New movies and shows just keep on coming to Netflix every month, *Jerry Seinfeld Netflix special voice* what is the deal with that! It’s hard to keep track of everything, what with the dozen other streaming services and the world never letting up. And so this space is here to keep you updated on the best movies and shows coming to the platform on a monthly basis. Below you’ll find a mix of old favorites returning or coming to Netflix for the first time, and some still-unseen original programming that looks poised to make a splash.
Million Dollar Baby
Clint Eastwood — now there’s a director who isn’t afraid of chairs. Eastwood has had a bumpy run over the past decade or so, with a few standouts — I’ll go to the mat for Richard Jewell until I die — and bizarre clunkers like The 15:17 to Paris. It’s always nice to revisit his incredible 2000s run from time to time, which brought some of his career-best work, from Mystic River to Letters From Iwo Jima. Perhaps none were better than Million Dollar Baby, which functioned as a sort of inversion of Rocky's triumphant boxing narrative.
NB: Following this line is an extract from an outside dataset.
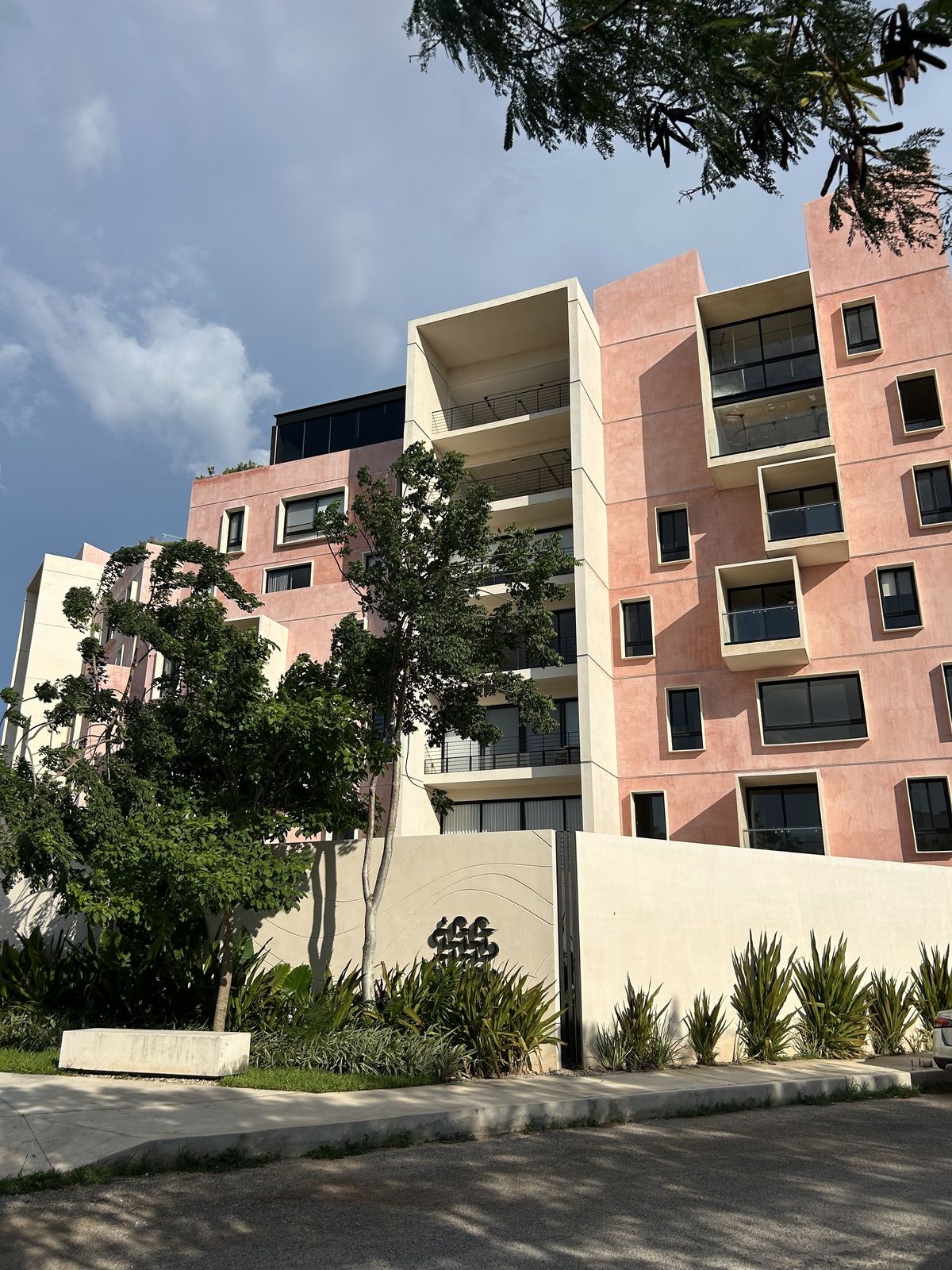 1 de 23: Fachada principal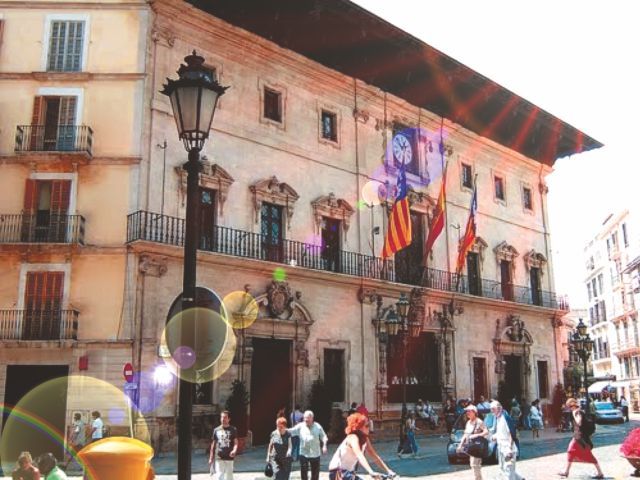 Palma de Mallorca: Guided Tour of the Old Town - Almudaina Palace and the city’s public face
Hilary Swank and Eastwood ably juggle the melodrama and gritty realism en route to its tragic, highly memorable endgame.
The Devil’s Advocate
You can rate a movie by normal metrics like plot, character development, or direction, but sometimes the easiest way to measure greatness is simply counting how many Al Pacino gifs emerge from a movie. The Devil’s Advocate maybe has the richest bounty of all time, so for that reason alone: five stars.
Sleepless in Seattle
Just a delight! So what if it’s one of the more conventional Nora Ephron films? This remains her warmest, tidiest romantic comedy. The trope of a precocious kid trying to steer his parent’s love life will never grow old, and watching this recently made me long for the days when Tom Hanks could be in the kind of movie that wasn’t straining for awards.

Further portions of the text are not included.